This, together with examples relating to voting and engagement with
investee companies, can be found in the “About Aberforth” section
of the Managers’ website at
www.aberforth.co.uk.
Board
Composition
The Board
regularly reviews its composition and structure in line with
corporate governance requirements. As I previewed last year, as
part of the Board’s succession planning Julia Le Blan retired from the Board during the
year and Patricia Dimond took over
as chair of the Audit Committee. Furthermore, Jaz Bains became a member of the Audit
Committee.
In
addition, the Board has decided, given its relatively small size,
that Martin Warner will be appointed
to the Audit Committee from 1 February
2024 having previously attended by invitation. In the past,
the Audit Committee chair has performed the role of Senior
Independent Director (SID) as and when needed. The Board has
decided to formalise this with the appointment of Patricia Dimond as SID from 1 February 2024.
Annual
General Meeting (“AGM”)
The AGM
will be held at 14 Melville Street, Edinburgh EH3 7NS at 10.30 am on 5 March
2024. Details of the resolutions to be considered by
Shareholders are set out in the Notice of the Meeting on page 62 of
the Annual Report. Shareholders are encouraged to submit their vote
by proxy in advance of the meeting. In accordance with normal
practice, the results of the AGM will be issued in a regulatory
news announcement and posted on Aberforth’s website. An update on
performance and the portfolio will also be available on the website
following the meeting.
Conclusion
It
promises to be a fascinating year on both the economic and
political fronts. The outcome of the Presidential Election in the
US will set the tone for global financial markets over the medium
term, while the UK’s General Election will affect the trading
environment for many smaller companies. At this stage, the UK
election would appear to carry less risk. A smooth change of
government could help restore confidence in UK politics and erode
the political discount that has afflicted UK stockmarket valuations
since the EU referendum.
At the
same time, there is good reason to reappraise the UK’s economic
performance. It is now clear that the economy fared less badly
during the pandemic than initially feared. Furthermore, recent
inflation data indicate that the UK is not an outlier and that the
Bank of England will have scope to
reduce interest rates in coming quarters. Whether these cuts will
be enough to mitigate the impact of previous monetary tightening
remains to be seen.
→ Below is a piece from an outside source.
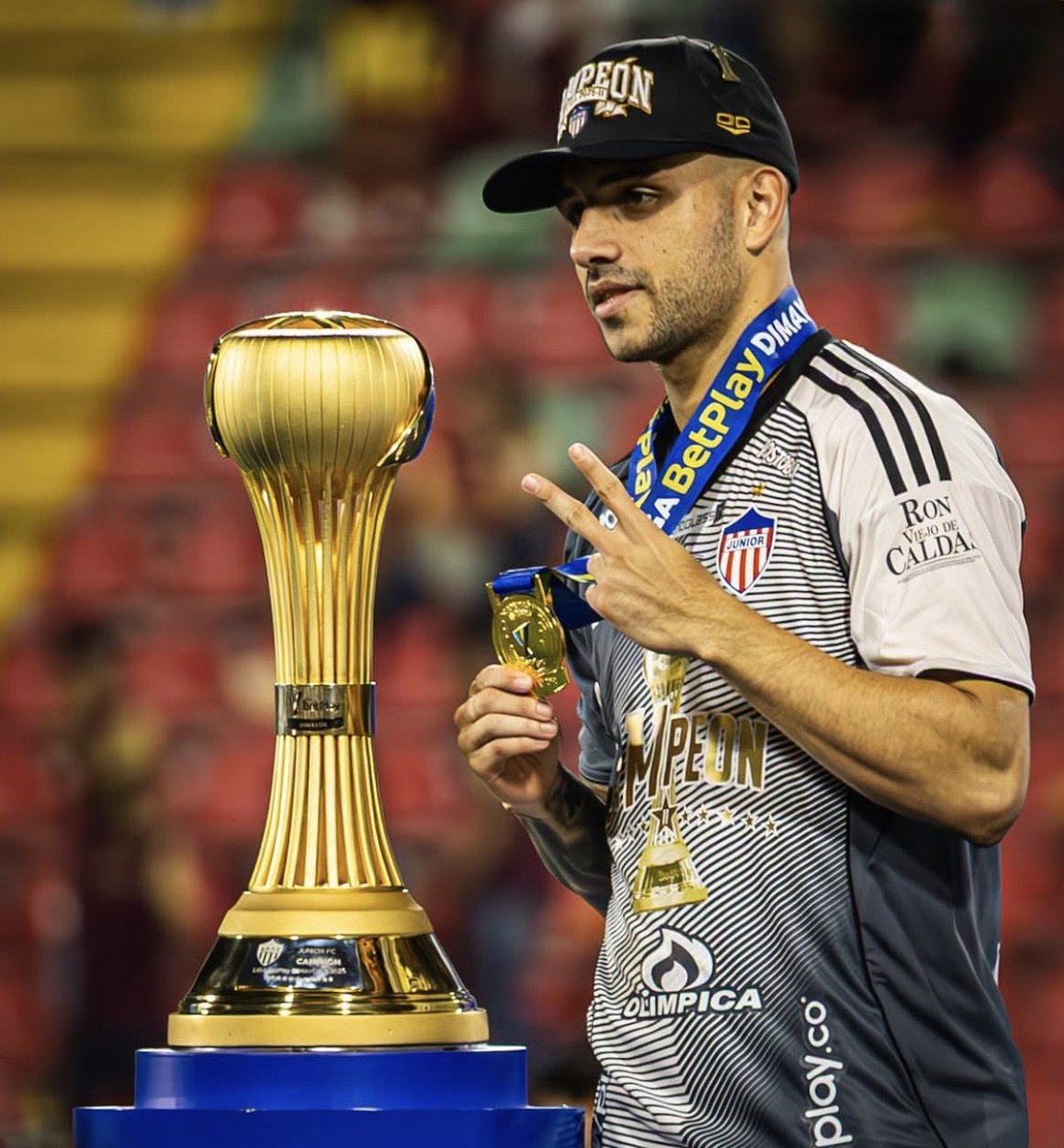 SoloJunior tweet media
The risk of a recession lingers, though it may
be mitigated as growth in wages and benefits moves above the rate
of inflation.
A downturn
would be unfortunate for the country – recessions bring financial
stress and hardship to households and companies alike. However,
from ASCoT’s perspective, the question of whether we experience
recession now feels academic. As the Managers’ Report makes clear,
a downturn is baked into the valuations of ASCoT’s investee
companies. So, in practical terms, the more interesting question is
what will allow the stockmarket to move on and to anticipate
recovery. Though there will be a myriad of complicating factors,
the straightforward response is the reality of interest rate
cuts.
In the
meantime, my fellow directors and I are excited by ASCoT’s
prospects. In a constantly changing industry, the Managers’ value
investment philosophy and their consistent investment process are
important differentiators. They have underpinned the Company’s 33
year record and their relevance today is undiminished. We have also
been encouraged by the additional insights shared in the Managers’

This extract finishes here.